**Task statement**
Print the listing below again, exactly. Skip the pictures.

**Dataset section**
----------
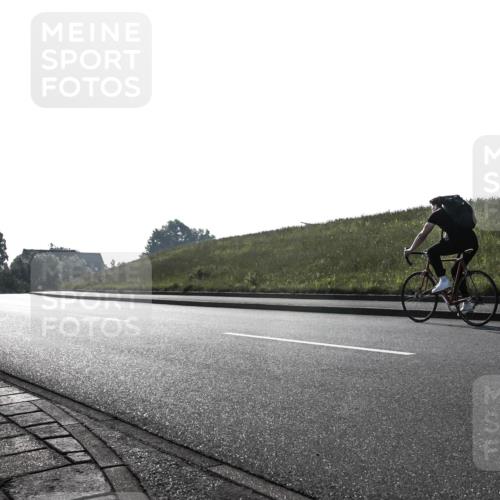 21.06.2026 - 29. Vierlanden-Triathlon H.Heesch http://msf.ph/oto/9849774 21.06.2026 08:09:22 Radfahren  meine-sportfotos.de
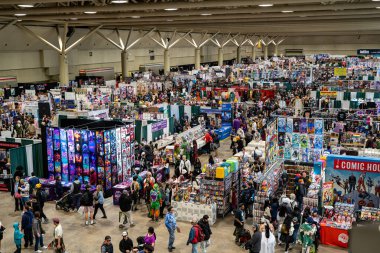 Toronto Comicon 'daki ziyaretçi kalabalığı. Toronto, Kanada - 14 Mart 2025.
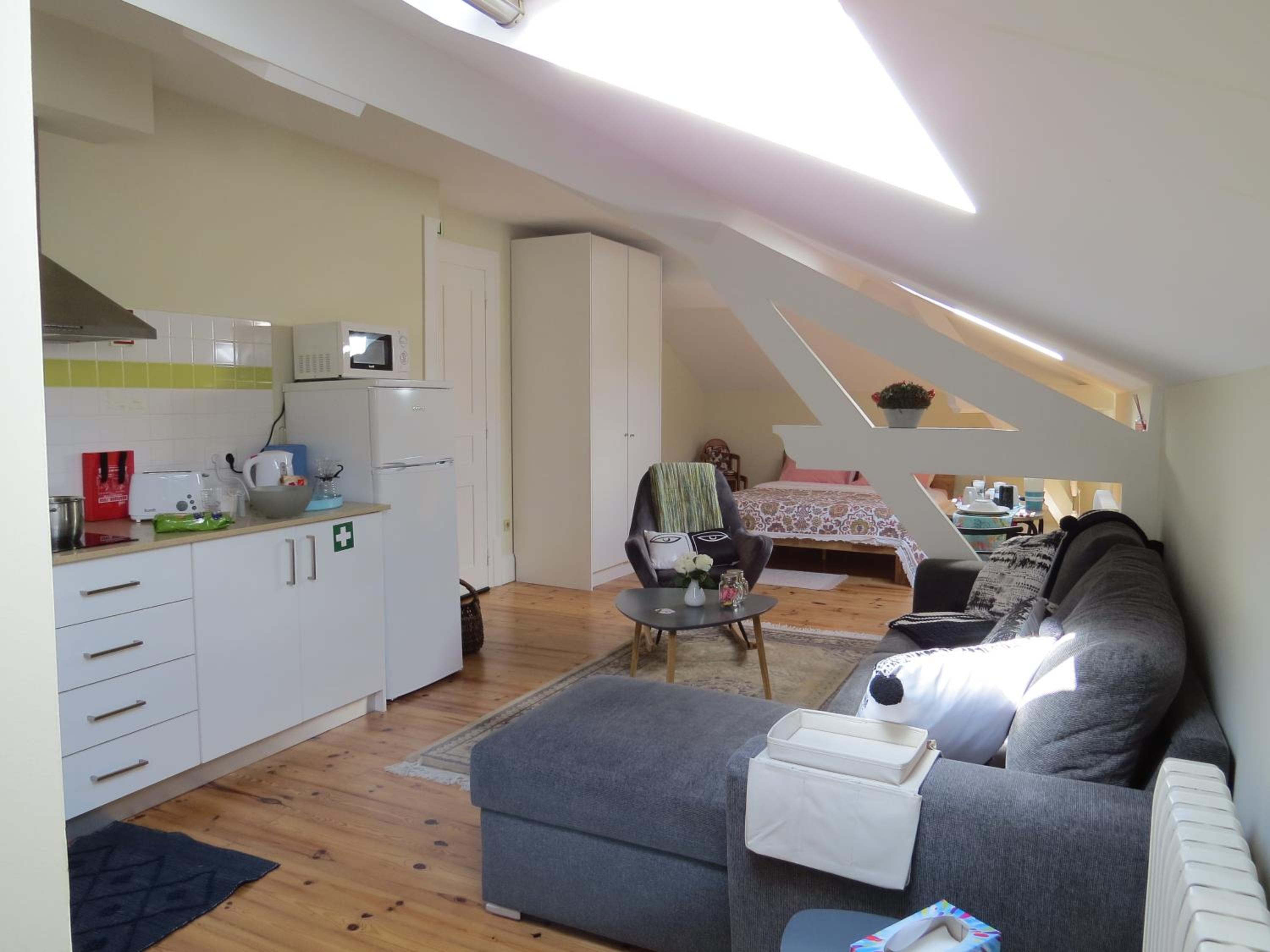Coimbra Vacations - Sky Accommodations Rome Studio - Property Image 26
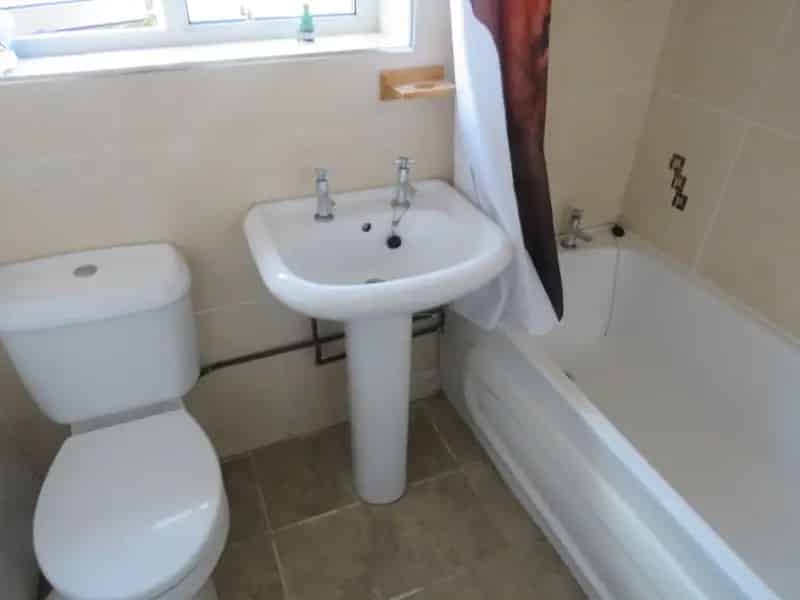 Spacious First Floor Flat Near Amenities and Transport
----------
**Output for this task**
 21.06.2026 - 29. Vierlanden-Triathlon H.Heesch http://msf.ph/oto/9849774 21.06.2026 08:09:22 Radfahren  meine-sportfotos.de
 Toronto Comicon 'daki ziyaretçi kalabalığı. Toronto, Kanada - 14 Mart 2025.
Coimbra Vacations - Sky Accommodations Rome Studio - Property Image 26
 Spacious First Floor Flat Near Amenities and Transport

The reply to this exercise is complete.